Avnet reported gross profit of $595.13 million, down 9.6% year over year. Gross margin declined 30 basis points (bps) to 12.7%, partly due to lower revenues and contracting margins in Farnell.
Adjusted operating income decreased 13.2% from the year-earlier quarter to $156.25 million. This was partly due to decreased operating income in Farnell led by decline in passive.
Adjusted operating margin came in at 3.3%, down 30 bps.
However, continued focus on cost reduction efforts was a positive. Notably, SG&A expenses declined $40.6 million year over year. In the Farnell segment, during the quarter, Avnet moved approximately 100 roles to its India-based shared service operations and streamlined headcount.
Balance Sheet and Cash Flow
Avnet exited the fiscal fourth quarter with cash and cash equivalents of $546.1 million compared with $725.3 million recorded in the previous quarter.
Long-term debt was $1.42 billion compared with $2 billion in the prior quarter.
The company returned $138 million to shareholders in the form of $117 million worth repurchased shares and $21 million worth dividend.
Full Fiscal-Year Highlights
For the fiscal year ended Jun 29, 2019, Avnet generated $19.52 billion in revenues, up 2.5% year over year.
Earnings per share increased 15% to $4.11.
Cash flow from continuing operations came in at $591 million, and SG&A expenses were down 6% year over year.
For first-quarter fiscal 2020, the company estimates sales in the range of $4.4-$4.7 billion, representing an 8% decline at mid-point of $4.55 billion.
Non-GAAP earnings per share are estimated in the range of 60-70 cents, indicating a decline of 36.9% at mid-point of 65 cents.
Sequential decline in sales in the Americas and EMEA regions are expected to be an overhang on the top line. Revenues are expected to be stable in Asia in the fiscal first quarter.
Lower sales of high margin products in IP&E, especially passives are expected to keep margins under pressure throughout the current calendar year and well into calendar 2020.
Avnet’s new warehouse is expected to come online in December this year, enabling the company to reduce costs and increase SKU count and improve service.
Farnell’s distribution center in the EMEA region is scheduled to ramp operations in the second half of fiscal 2020. This will allow the company to continue SKU expansion, reduce operating costs by almost $20 million per annum.
Market pressures are expected to persist in the near term. Avnet anticipates operating margins to remain below 10% in the forthcoming quarters.
Moreover, it will continue to integrate Farnell back office function, and shift its operations to lower cost areas to achieve the goal of 15% operating margin and $20 million annual savings.
How Have Estimates Been Moving Since Then?
Fresh estimates followed a downward path over the past two months. The consensus estimate has shifted -32.91% due to these changes.
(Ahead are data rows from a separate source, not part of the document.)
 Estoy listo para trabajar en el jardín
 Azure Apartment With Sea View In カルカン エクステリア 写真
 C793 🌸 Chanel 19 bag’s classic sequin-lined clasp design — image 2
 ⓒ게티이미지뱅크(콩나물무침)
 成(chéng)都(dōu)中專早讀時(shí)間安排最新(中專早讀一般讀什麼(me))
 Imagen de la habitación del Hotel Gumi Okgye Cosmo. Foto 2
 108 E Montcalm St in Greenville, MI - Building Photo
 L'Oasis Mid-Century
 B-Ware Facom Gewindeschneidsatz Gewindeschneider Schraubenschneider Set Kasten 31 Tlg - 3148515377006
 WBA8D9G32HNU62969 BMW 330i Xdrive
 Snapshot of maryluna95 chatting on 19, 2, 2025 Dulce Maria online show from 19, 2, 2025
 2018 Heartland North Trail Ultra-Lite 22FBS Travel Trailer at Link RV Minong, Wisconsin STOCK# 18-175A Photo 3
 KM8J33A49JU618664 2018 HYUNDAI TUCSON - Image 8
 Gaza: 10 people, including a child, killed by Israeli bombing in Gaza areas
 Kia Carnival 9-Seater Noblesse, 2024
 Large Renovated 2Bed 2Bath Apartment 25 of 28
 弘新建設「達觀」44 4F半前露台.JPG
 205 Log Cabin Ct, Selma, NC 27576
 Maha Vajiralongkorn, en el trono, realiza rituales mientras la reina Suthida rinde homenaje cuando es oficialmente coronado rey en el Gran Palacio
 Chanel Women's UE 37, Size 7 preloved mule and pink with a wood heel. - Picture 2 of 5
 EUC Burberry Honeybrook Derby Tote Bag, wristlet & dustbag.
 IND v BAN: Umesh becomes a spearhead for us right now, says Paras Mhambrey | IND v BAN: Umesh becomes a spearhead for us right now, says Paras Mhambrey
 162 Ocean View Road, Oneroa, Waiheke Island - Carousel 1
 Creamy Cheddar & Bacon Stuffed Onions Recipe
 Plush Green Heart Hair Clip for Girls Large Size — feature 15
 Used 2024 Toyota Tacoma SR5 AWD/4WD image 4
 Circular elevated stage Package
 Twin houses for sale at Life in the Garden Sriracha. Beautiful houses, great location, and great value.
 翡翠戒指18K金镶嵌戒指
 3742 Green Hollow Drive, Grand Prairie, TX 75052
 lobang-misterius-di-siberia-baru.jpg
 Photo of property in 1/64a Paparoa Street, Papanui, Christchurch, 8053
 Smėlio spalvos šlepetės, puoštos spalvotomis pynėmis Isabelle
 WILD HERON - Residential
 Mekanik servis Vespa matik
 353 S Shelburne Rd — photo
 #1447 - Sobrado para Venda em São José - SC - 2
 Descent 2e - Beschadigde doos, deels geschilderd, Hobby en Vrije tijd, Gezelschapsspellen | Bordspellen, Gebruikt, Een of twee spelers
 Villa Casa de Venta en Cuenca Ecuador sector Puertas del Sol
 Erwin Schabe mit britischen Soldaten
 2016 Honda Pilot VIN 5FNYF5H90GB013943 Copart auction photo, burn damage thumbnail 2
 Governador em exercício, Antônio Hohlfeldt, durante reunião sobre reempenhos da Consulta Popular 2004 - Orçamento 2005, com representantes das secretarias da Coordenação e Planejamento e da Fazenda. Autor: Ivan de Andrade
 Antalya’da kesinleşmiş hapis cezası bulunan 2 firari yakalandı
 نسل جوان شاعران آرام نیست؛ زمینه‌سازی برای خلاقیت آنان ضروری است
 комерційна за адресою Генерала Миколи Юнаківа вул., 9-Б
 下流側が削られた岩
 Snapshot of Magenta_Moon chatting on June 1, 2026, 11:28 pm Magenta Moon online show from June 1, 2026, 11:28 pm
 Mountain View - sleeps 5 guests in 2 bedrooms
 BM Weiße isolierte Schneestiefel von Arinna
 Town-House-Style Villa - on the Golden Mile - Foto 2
Currently, Avnet has a strong Growth Score of A, though it is lagging a lot on the Momentum Score front with an F. However, the stock was allocated a grade of C on the value side, putting it in the middle 20% for this investment strategy.
Overall, the stock has an aggregate VGM Score of A. If you aren't focused on one strategy, this score is the one you should be interested in.
Avnet has a Zacks Rank #5 (Strong Sell). We expect a below average return from the stock in the next few months.